▶ _Task goal_
Could you give the data that follows again exactly, without its pictures?

▶ _Source records_
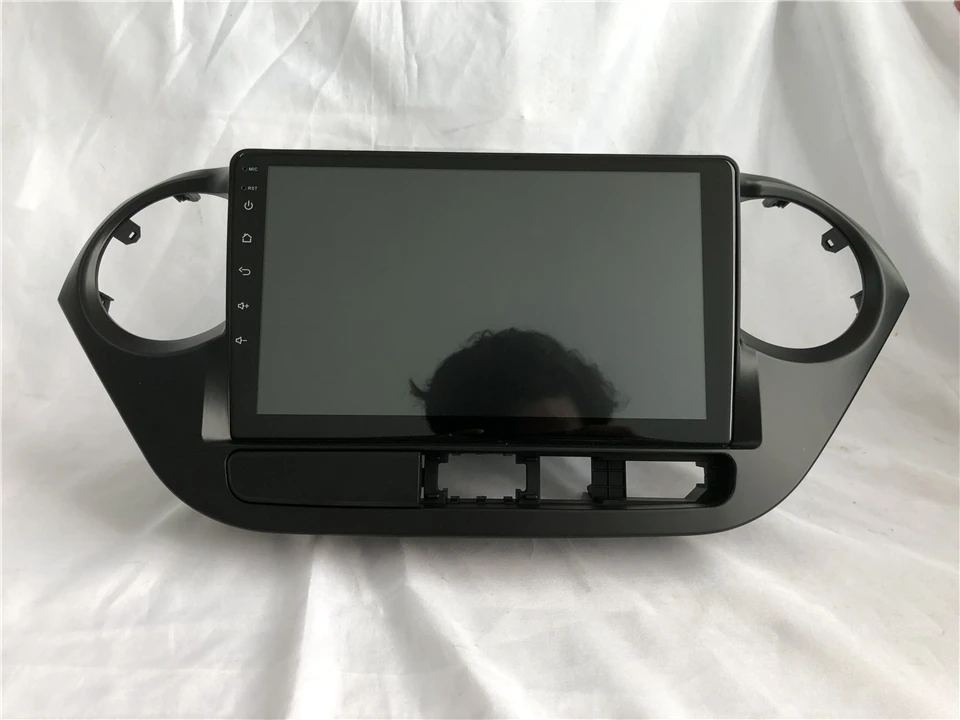 Best Octa Core 4GB RAM 64GB ROM Android 9.1 Car DVD Multimedia Player Radio For Hyundai I10 LHD Diver 2013-2018 Carplay Head Unit 18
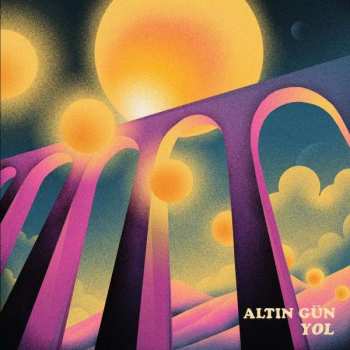 Album Altın Gün: Yol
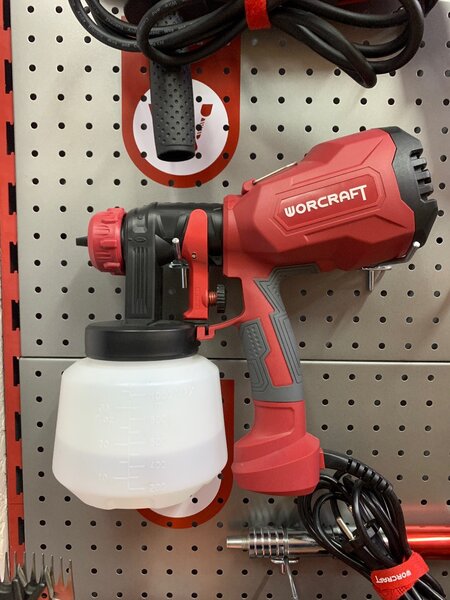 Краска пульт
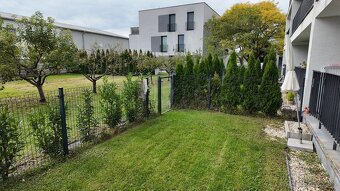 Krásny 3i byt so zariadením, záhradou a parkovaním, Nova - 15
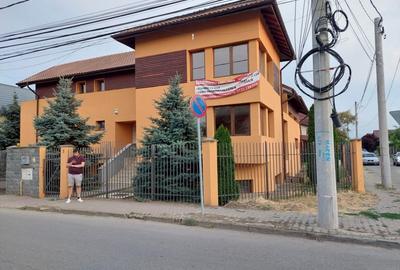 Casa /vila individuala Dumbrăvița str Ferventia - 2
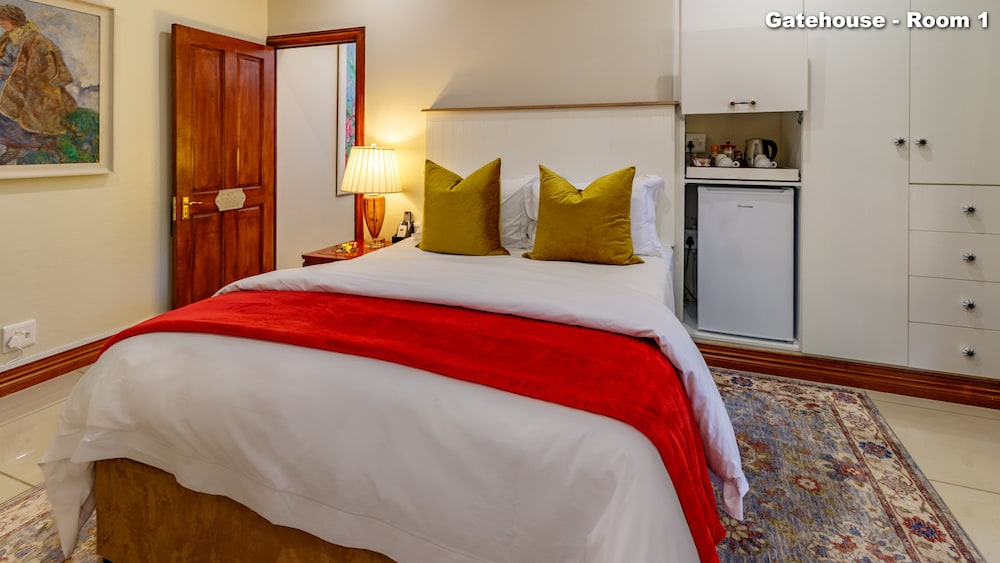 Standard Room - Photo 4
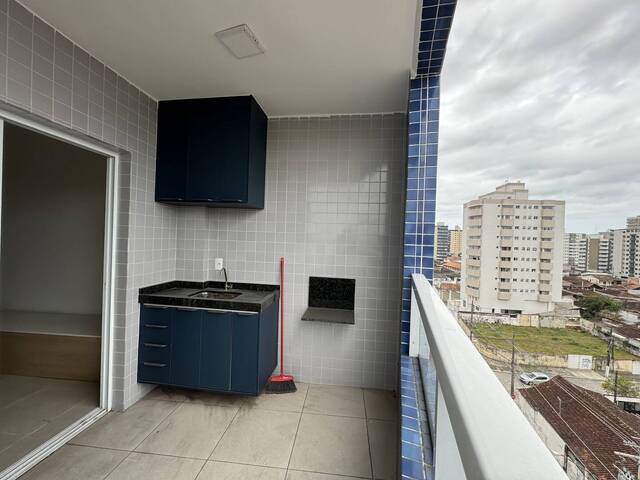 Apartamento para Venda em Praia Grande - 2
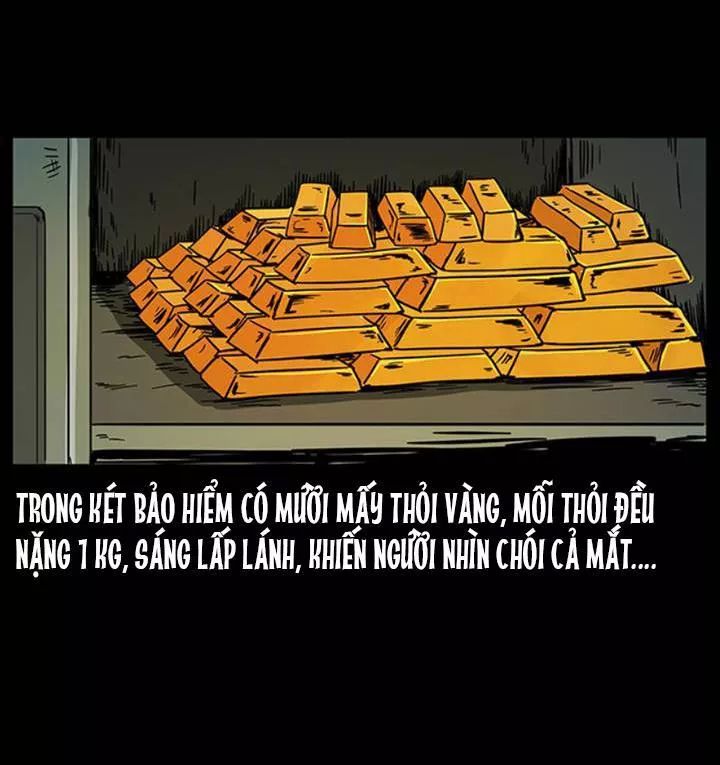 U Minh Ngụy Tượng Chapter 228 - 3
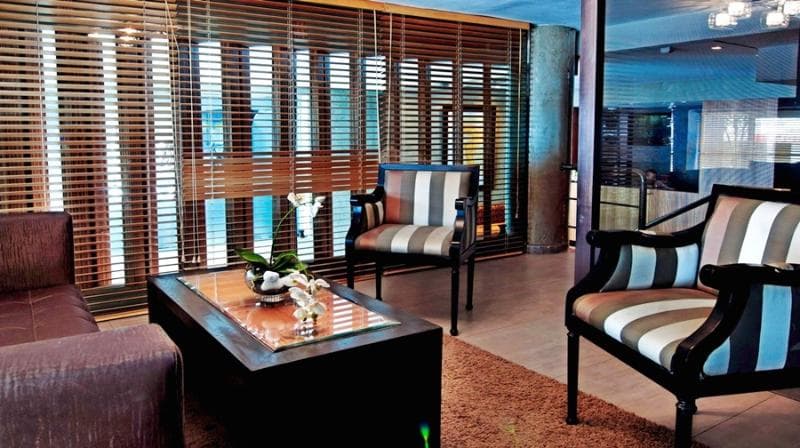Park Suites 2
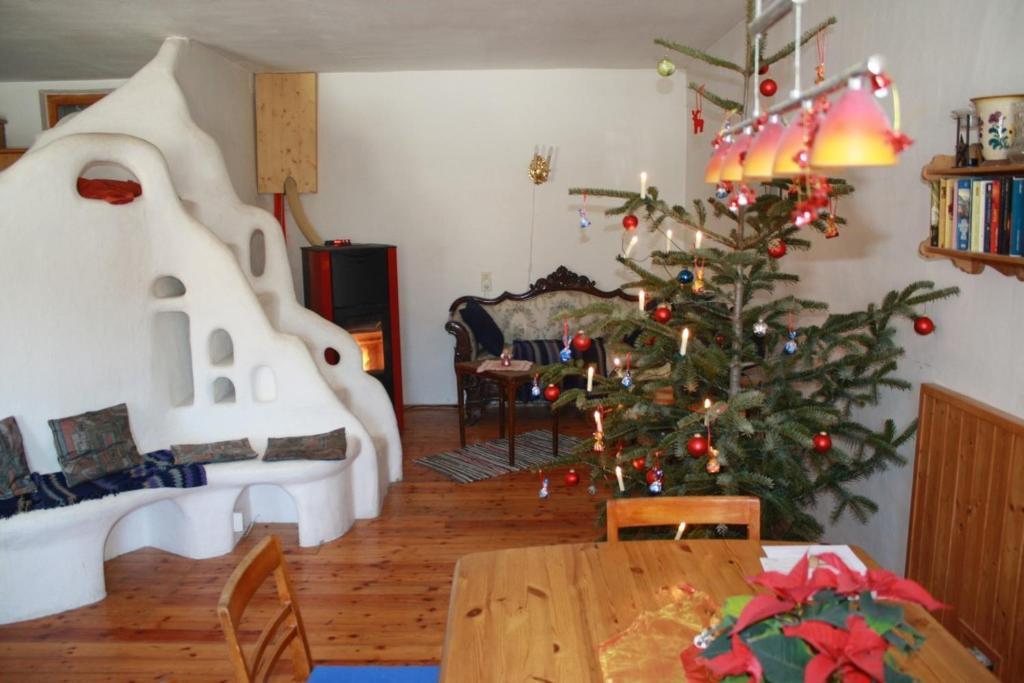 Ferienwohnung Bruggerhaus Schöder Zimmer foto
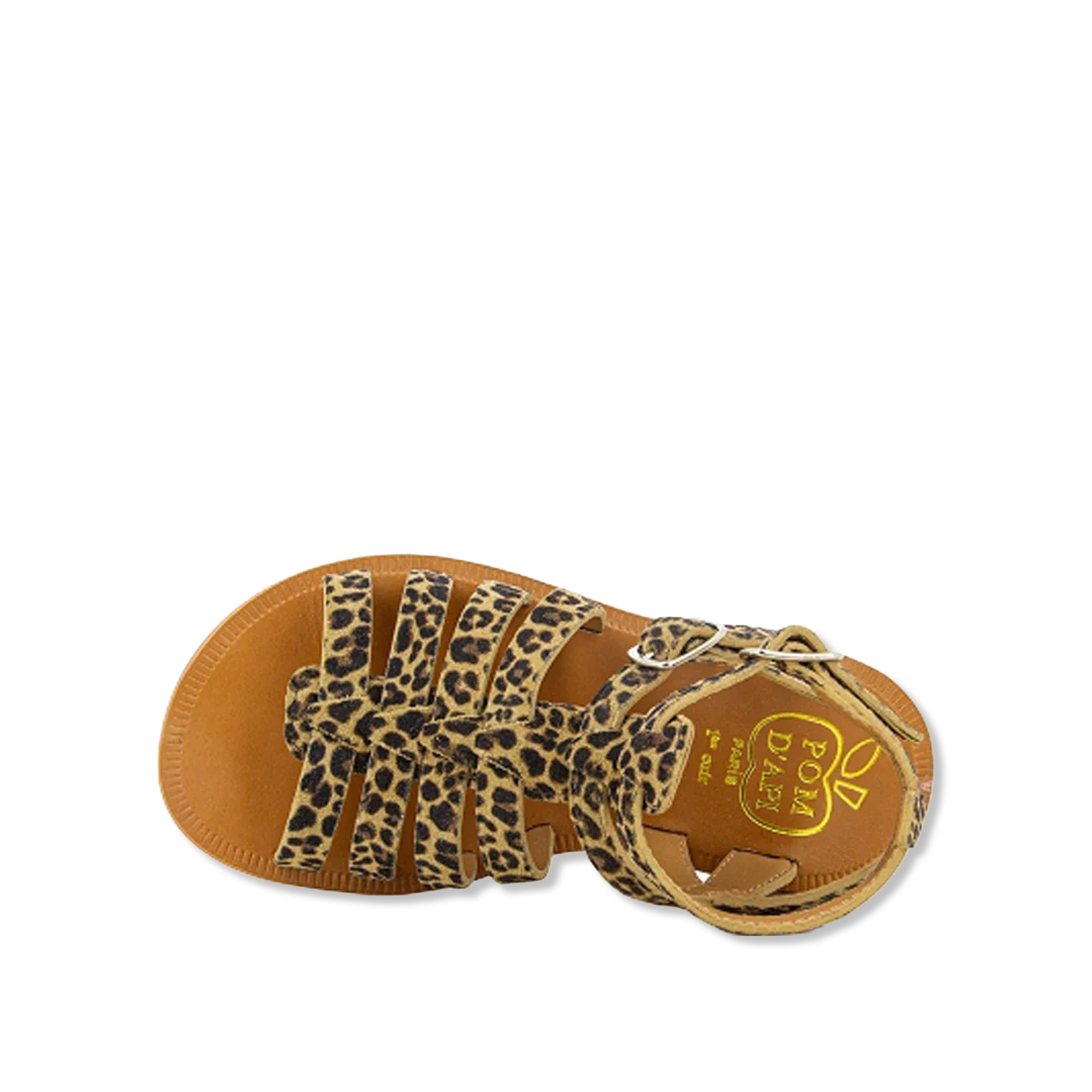 PLAGETTE GLADIATOR sandały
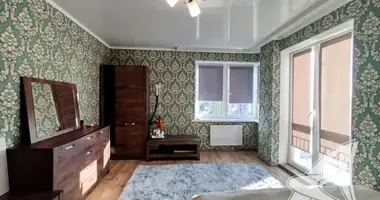 1 room apartment in Brest, Belarus
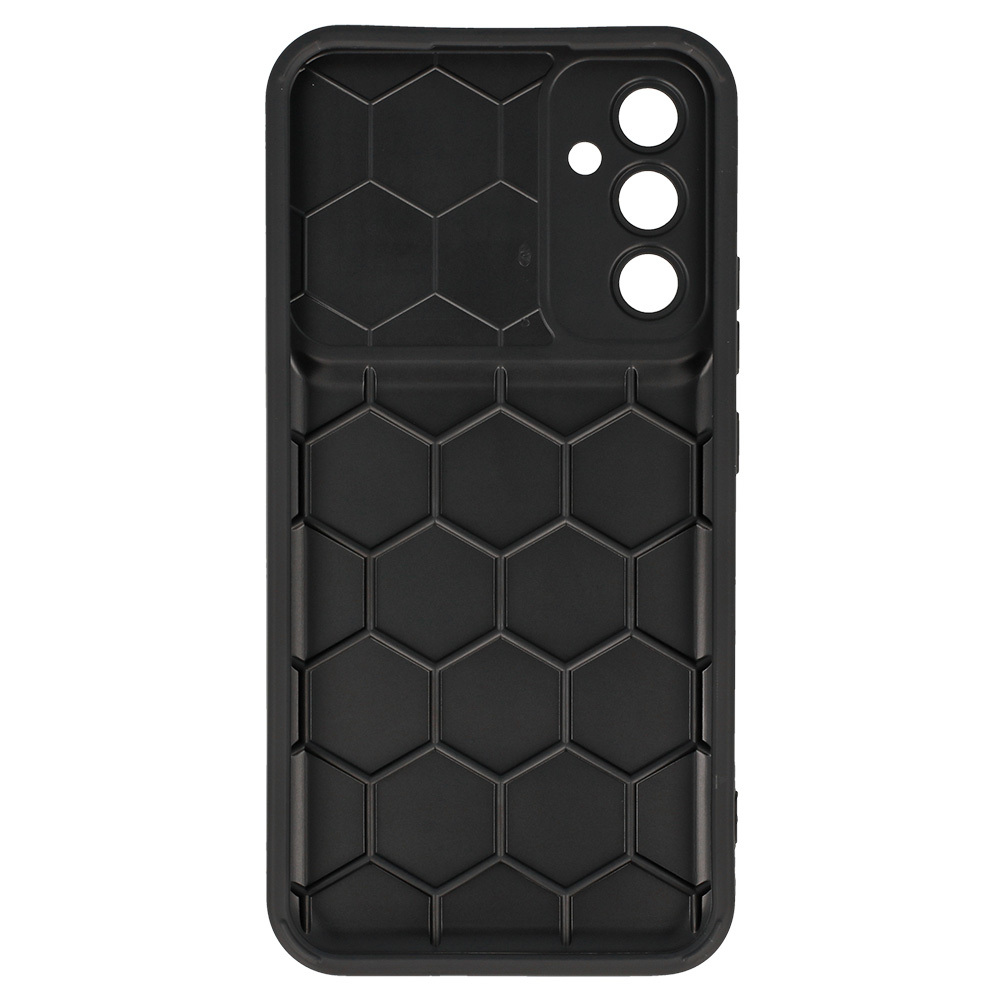 Samsung Galaxy A34 5G zadné púzdro Cam Protect čierne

▶ _Response_
 Best Octa Core 4GB RAM 64GB ROM Android 9.1 Car DVD Multimedia Player Radio For Hyundai I10 LHD Diver 2013-2018 Carplay Head Unit 18
 Album Altın Gün: Yol
 Краска пульт
 Krásny 3i byt so zariadením, záhradou a parkovaním, Nova - 15
 Casa /vila individuala Dumbrăvița str Ferventia - 2
 Standard Room - Photo 4
 Apartamento para Venda em Praia Grande - 2
 U Minh Ngụy Tượng Chapter 228 - 3
Park Suites 2
 Ferienwohnung Bruggerhaus Schöder Zimmer foto
 PLAGETTE GLADIATOR sandały
 1 room apartment in Brest, Belarus
 Samsung Galaxy A34 5G zadné púzdro Cam Protect čierne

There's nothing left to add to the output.